Anyone like the way GW is going with them? Also, can anyone tell me which of the books follow this new format, I think I'll try and steer clear...


----------



## Ancient Tiel' a fier (May 5, 2008)

quite a few of them really; empire, orcs and goblins, high elves, vampire counts, and daemons. Its only a matter of time till they all do.


----------



## Green Knight (Feb 25, 2008)

They have tryed to make them easyer to use, but i think the older Format is better, I sapose time brings change


----------



## TrentLanthier (Apr 28, 2008)

One thing I've seen over the years of playing many RPG's is that change always frustrates Veterans who knew where everything was even if it made no sense.

Yet change is normally easier for new players who haven't had to learn wierd/strange ways of filing things.


----------



## Red Orc (Jun 14, 2007)

And in 5 years time, when the books have been redone, the current crop of new gamers (who will by then be veterans) will be saying "I hate this new format, why can't we go back to the classic 7th Ed style..."

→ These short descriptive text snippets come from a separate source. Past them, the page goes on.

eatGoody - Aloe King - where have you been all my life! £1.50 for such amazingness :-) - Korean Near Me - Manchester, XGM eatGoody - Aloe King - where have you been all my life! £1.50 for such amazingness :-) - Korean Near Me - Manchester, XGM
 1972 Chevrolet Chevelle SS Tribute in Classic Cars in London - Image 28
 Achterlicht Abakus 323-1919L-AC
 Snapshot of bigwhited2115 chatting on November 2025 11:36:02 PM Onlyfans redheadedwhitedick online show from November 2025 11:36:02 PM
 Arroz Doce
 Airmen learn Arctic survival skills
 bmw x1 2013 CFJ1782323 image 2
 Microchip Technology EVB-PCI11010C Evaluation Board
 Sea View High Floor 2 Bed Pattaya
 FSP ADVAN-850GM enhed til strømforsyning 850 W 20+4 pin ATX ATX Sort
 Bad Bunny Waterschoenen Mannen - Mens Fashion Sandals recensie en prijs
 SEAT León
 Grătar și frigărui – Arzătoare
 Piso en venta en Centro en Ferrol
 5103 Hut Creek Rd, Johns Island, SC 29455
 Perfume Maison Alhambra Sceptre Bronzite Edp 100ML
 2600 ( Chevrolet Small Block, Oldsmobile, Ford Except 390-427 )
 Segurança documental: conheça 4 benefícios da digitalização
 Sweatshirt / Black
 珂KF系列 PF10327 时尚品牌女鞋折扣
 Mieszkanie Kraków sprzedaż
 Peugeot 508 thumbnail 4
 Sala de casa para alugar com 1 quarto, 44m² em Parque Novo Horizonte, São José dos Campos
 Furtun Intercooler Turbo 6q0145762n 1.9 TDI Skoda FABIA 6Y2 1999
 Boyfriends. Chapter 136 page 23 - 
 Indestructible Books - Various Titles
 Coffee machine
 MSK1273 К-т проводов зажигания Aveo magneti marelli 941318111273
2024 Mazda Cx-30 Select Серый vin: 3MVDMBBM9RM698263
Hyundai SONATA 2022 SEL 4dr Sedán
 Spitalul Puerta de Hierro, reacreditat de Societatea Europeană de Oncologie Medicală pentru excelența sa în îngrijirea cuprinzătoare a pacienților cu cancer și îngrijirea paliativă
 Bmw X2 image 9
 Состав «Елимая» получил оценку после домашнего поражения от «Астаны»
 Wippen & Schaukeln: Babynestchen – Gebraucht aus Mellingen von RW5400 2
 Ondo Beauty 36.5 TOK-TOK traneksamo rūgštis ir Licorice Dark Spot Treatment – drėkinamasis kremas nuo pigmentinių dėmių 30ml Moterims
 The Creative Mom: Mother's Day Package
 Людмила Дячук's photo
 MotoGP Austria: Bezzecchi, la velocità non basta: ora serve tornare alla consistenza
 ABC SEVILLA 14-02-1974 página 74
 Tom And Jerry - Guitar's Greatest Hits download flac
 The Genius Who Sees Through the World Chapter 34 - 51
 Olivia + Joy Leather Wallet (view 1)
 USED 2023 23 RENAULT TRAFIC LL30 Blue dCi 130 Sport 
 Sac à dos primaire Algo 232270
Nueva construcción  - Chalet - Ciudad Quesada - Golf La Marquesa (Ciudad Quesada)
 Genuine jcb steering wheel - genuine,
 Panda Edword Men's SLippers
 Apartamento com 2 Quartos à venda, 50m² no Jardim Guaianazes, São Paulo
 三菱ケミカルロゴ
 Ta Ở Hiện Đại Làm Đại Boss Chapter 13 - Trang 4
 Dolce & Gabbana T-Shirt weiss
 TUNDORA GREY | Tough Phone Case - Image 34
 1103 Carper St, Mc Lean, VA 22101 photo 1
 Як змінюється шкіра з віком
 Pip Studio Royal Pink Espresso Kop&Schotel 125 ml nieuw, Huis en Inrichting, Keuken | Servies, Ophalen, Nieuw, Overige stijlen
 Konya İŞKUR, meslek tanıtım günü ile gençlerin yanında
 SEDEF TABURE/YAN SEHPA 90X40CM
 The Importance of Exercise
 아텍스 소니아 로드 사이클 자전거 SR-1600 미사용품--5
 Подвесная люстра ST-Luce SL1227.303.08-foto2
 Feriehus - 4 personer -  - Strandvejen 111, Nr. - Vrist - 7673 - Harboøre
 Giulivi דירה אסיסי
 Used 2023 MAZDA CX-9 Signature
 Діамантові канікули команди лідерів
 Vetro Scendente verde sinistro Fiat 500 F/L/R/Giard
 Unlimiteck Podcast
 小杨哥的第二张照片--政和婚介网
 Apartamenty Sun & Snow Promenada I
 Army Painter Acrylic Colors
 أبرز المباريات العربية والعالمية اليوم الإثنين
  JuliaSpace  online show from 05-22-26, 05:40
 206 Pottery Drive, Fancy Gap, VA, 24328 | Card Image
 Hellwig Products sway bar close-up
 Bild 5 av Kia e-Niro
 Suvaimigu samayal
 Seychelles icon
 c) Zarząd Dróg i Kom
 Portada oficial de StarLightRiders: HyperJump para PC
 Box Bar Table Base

Whatever you start with becomes the 'benchmark' by which you judge. It's inevitable. If you're _really really lucky_, after a while a new rulebook will be brought out and you'll go "wow! That's really clear and well organised!"

Doesn't often happen though :wink:

atient cyclops:


----------



## bobss (May 18, 2008)

the old format was easier however from a fluff point of view i like the new one better because it tells you more about each troop type

however i think theve started doin it to ' bulk ' the dex up because a bit of background and an army list wouldn`t be worth £12


----------